» **DATA TO USE**:
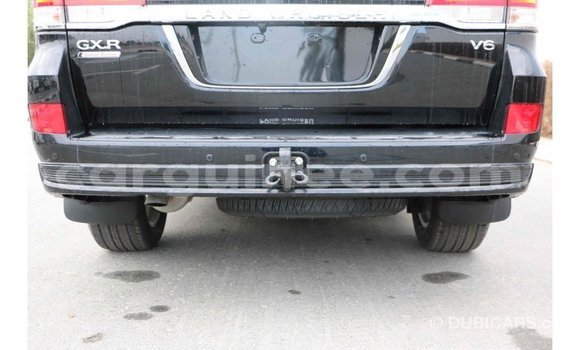 Buy Import Toyota Land Cruiser Black Car in Import - Dubai in Conakry Buy Import Toyota Land Cruiser Black Car in Import - Dubai in Conakry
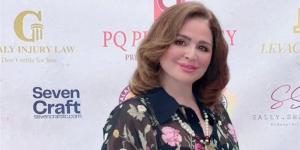 "الحافي" و"حين يكتب الحب".. عودة إلهام شاهين للسينما بعد سنوات من الغياب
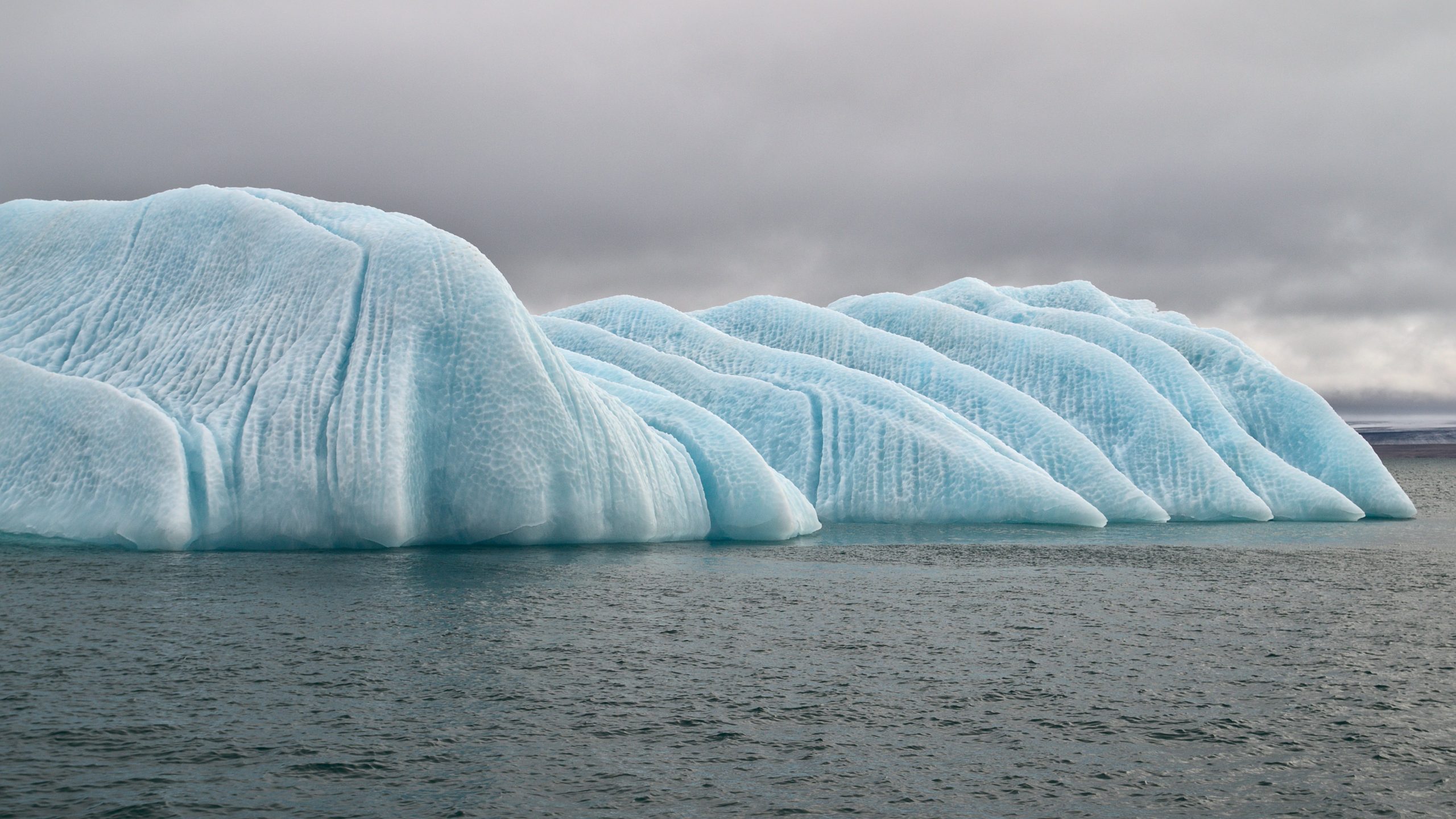 Iceberg au nord de l’archipel du Svalbard. (Crédit : Rob Oo sur Flickr)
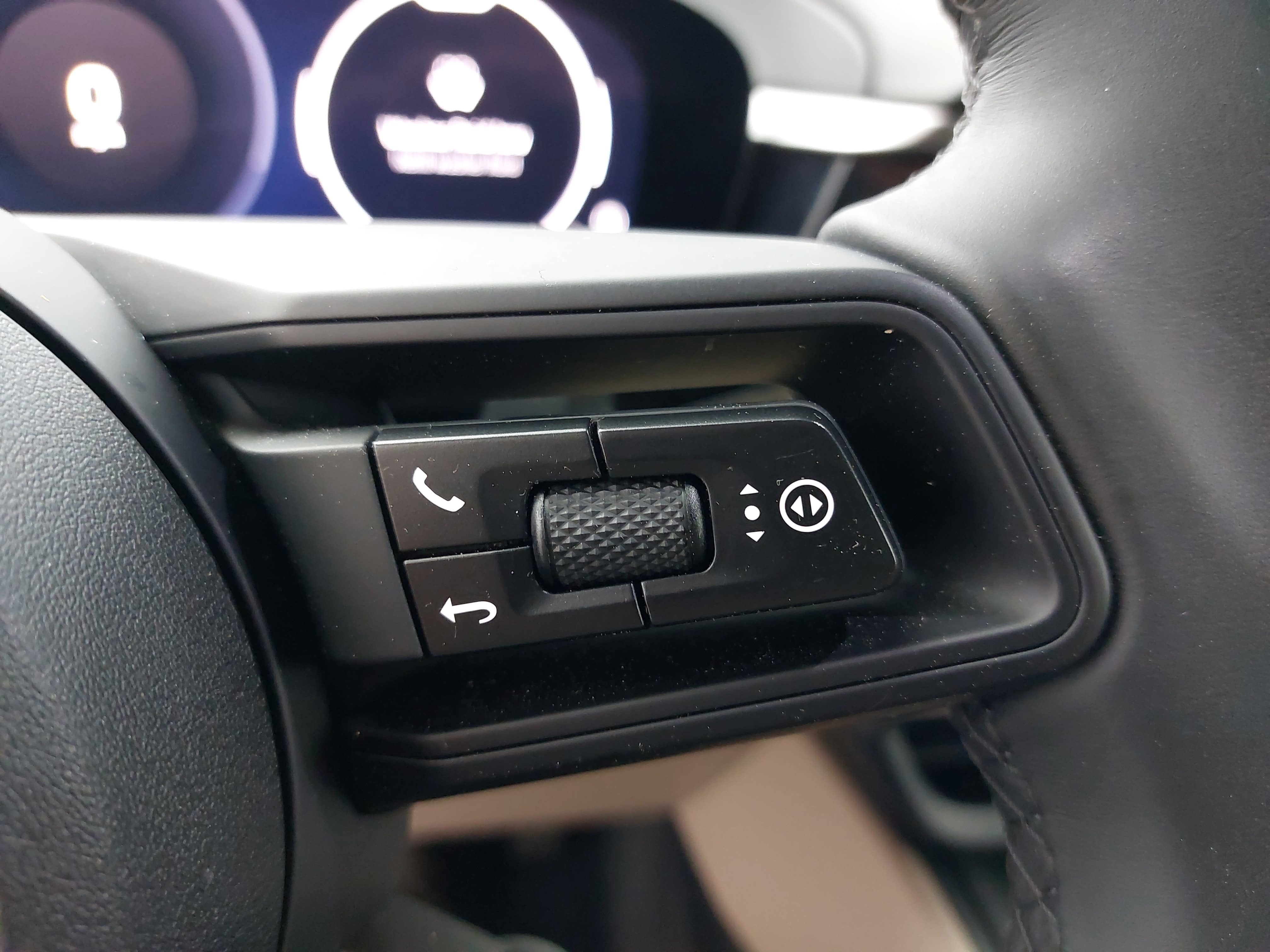 2025 Porsche Macan Electric Electric
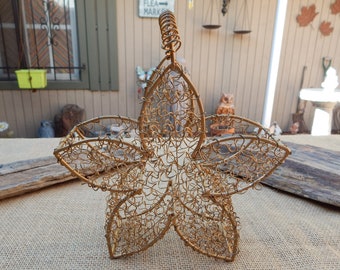 Rustic Gold Tone Wire Poinsettia Shaped Basket  /  Rustic Wire Poinsettia Shaped Basket  /  Gold Flower Basket  /  Floral Christmas Decor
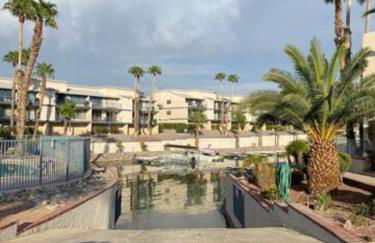 Private Oasis Condo with River views across from Laughlin - Foto 19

» **PROBLEM**:
Reproduce every line above exactly as written, omitting the images.

» **EXPECTED ANSWER**:
 Buy Import Toyota Land Cruiser Black Car in Import - Dubai in Conakry Buy Import Toyota Land Cruiser Black Car in Import - Dubai in Conakry
 "الحافي" و"حين يكتب الحب".. عودة إلهام شاهين للسينما بعد سنوات من الغياب
 Iceberg au nord de l’archipel du Svalbard. (Crédit : Rob Oo sur Flickr)
 2025 Porsche Macan Electric Electric
 Rustic Gold Tone Wire Poinsettia Shaped Basket  /  Rustic Wire Poinsettia Shaped Basket  /  Gold Flower Basket  /  Floral Christmas Decor
 Private Oasis Condo with River views across from Laughlin - Foto 19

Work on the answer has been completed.